## [Assignment]
Within the entries below, please return exactly the lines from the one with "brooklyn nets skull" through the one with "Teck4Marco's tweet photo.", leaving out any pictures.

## [Data under study]
◆ ◆ ◆ ◆

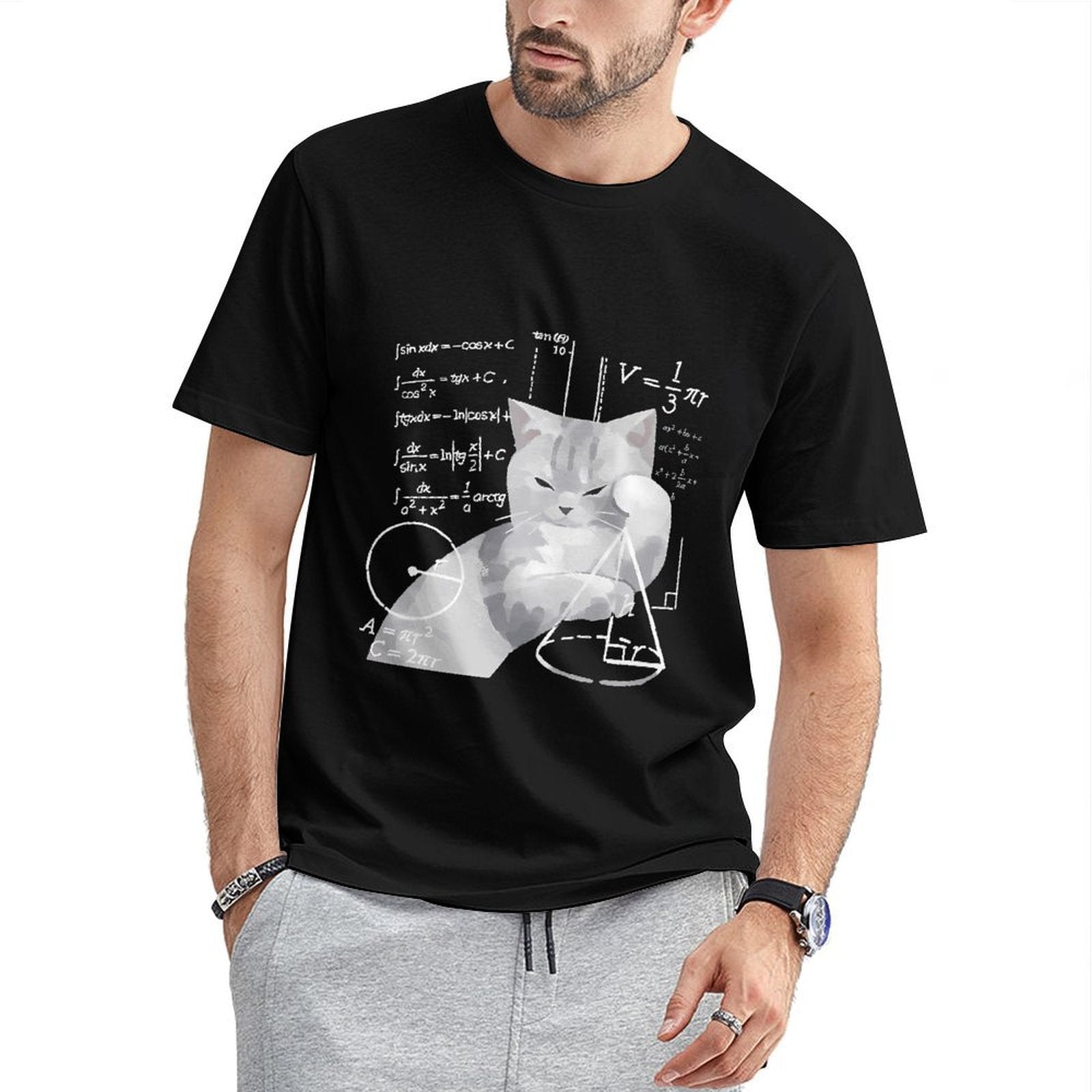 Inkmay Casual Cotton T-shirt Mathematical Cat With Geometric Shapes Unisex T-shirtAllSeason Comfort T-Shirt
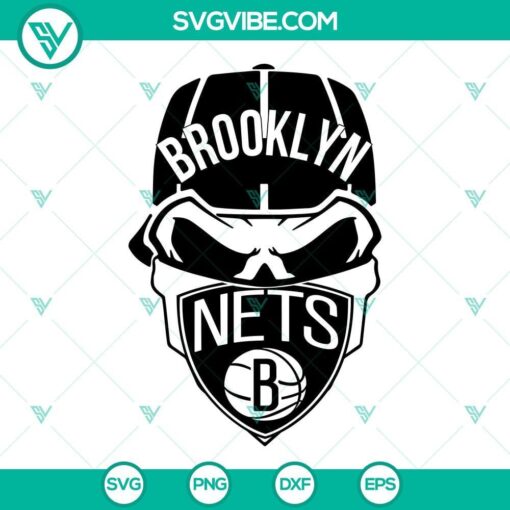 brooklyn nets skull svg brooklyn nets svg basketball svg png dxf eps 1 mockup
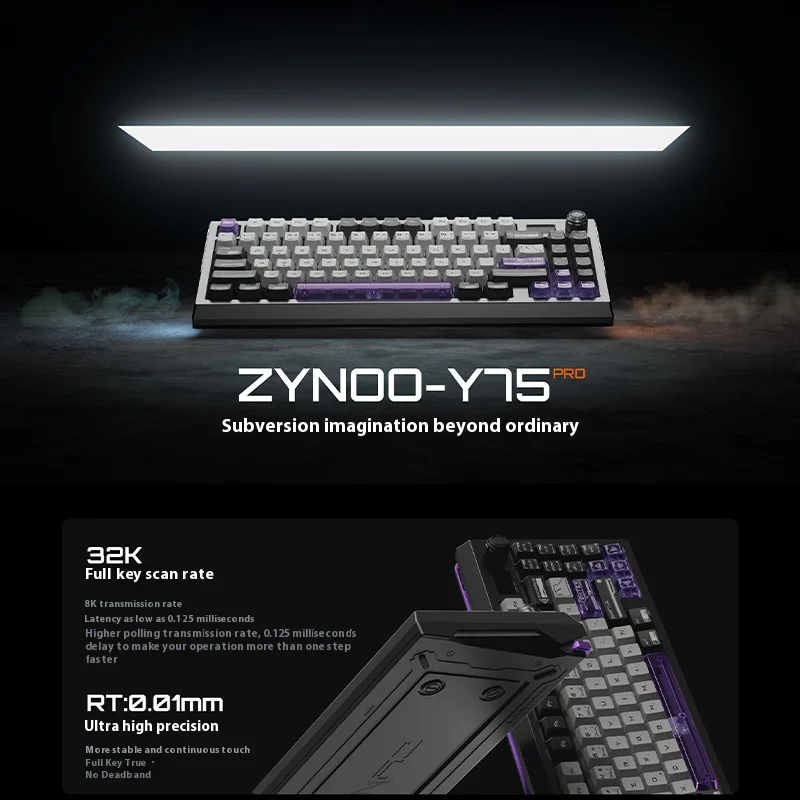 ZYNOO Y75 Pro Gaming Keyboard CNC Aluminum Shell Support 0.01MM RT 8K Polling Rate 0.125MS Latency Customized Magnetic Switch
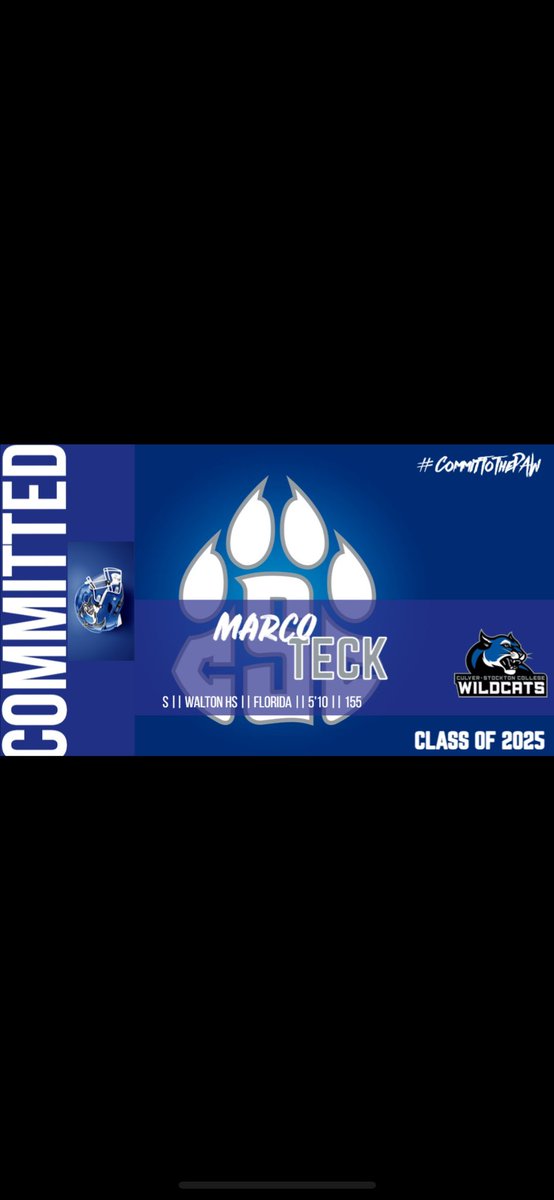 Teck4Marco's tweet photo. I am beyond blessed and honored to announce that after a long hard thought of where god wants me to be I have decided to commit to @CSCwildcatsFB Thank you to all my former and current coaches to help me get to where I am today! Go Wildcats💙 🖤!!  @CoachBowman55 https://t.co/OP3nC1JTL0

◆ ◆ ◆ ◆

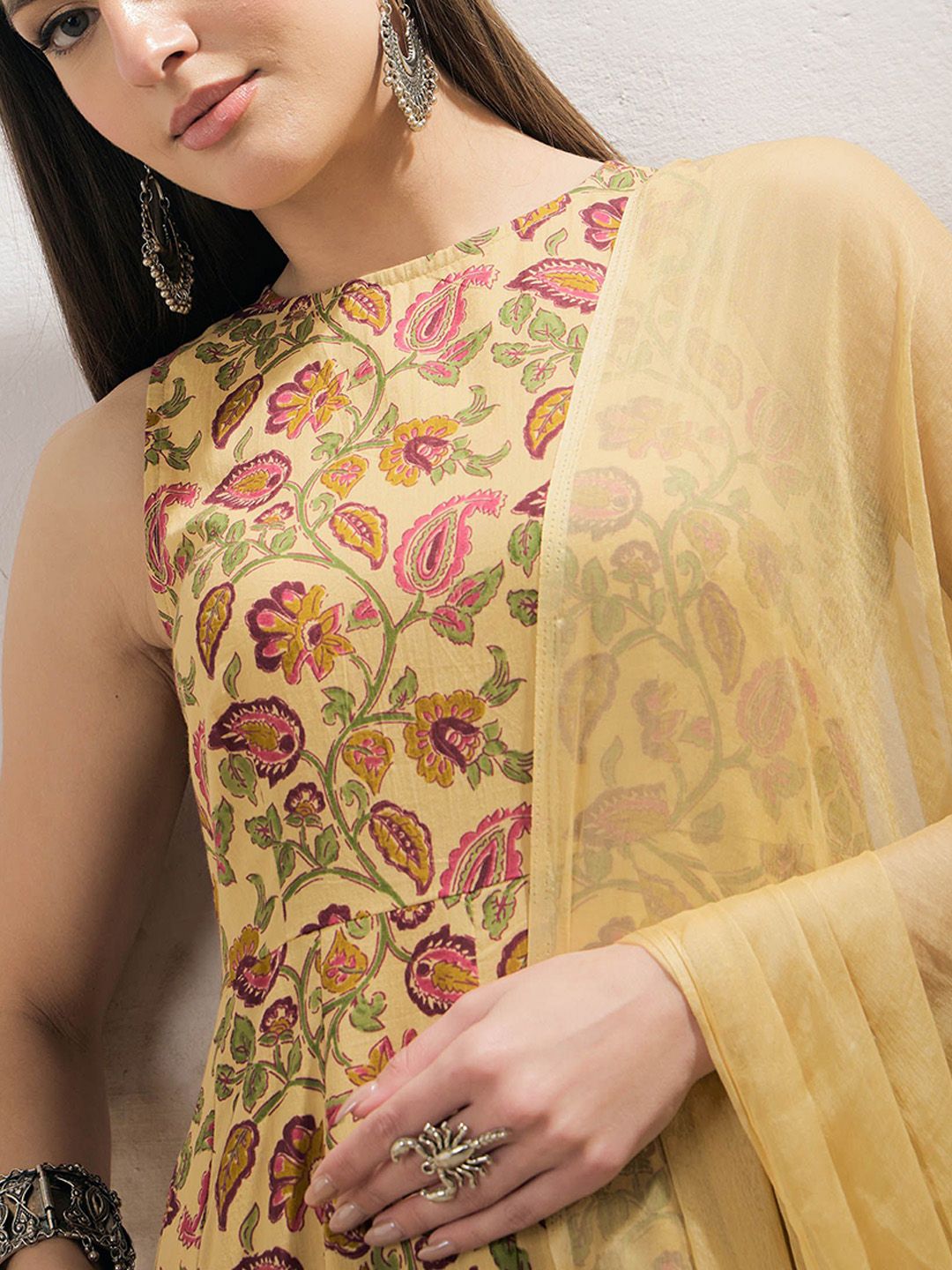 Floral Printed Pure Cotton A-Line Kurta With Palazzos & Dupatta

◆ ◆ ◆ ◆

## [Result of the task]
 brooklyn nets skull svg brooklyn nets svg basketball svg png dxf eps 1 mockup
 ZYNOO Y75 Pro Gaming Keyboard CNC Aluminum Shell Support 0.01MM RT 8K Polling Rate 0.125MS Latency Customized Magnetic Switch
 Teck4Marco's tweet photo. I am beyond blessed and honored to announce that after a long hard thought of where god wants me to be I have decided to commit to @CSCwildcatsFB Thank you to all my former and current coaches to help me get to where I am today! Go Wildcats💙 🖤!!  @CoachBowman55 https://t.co/OP3nC1JTL0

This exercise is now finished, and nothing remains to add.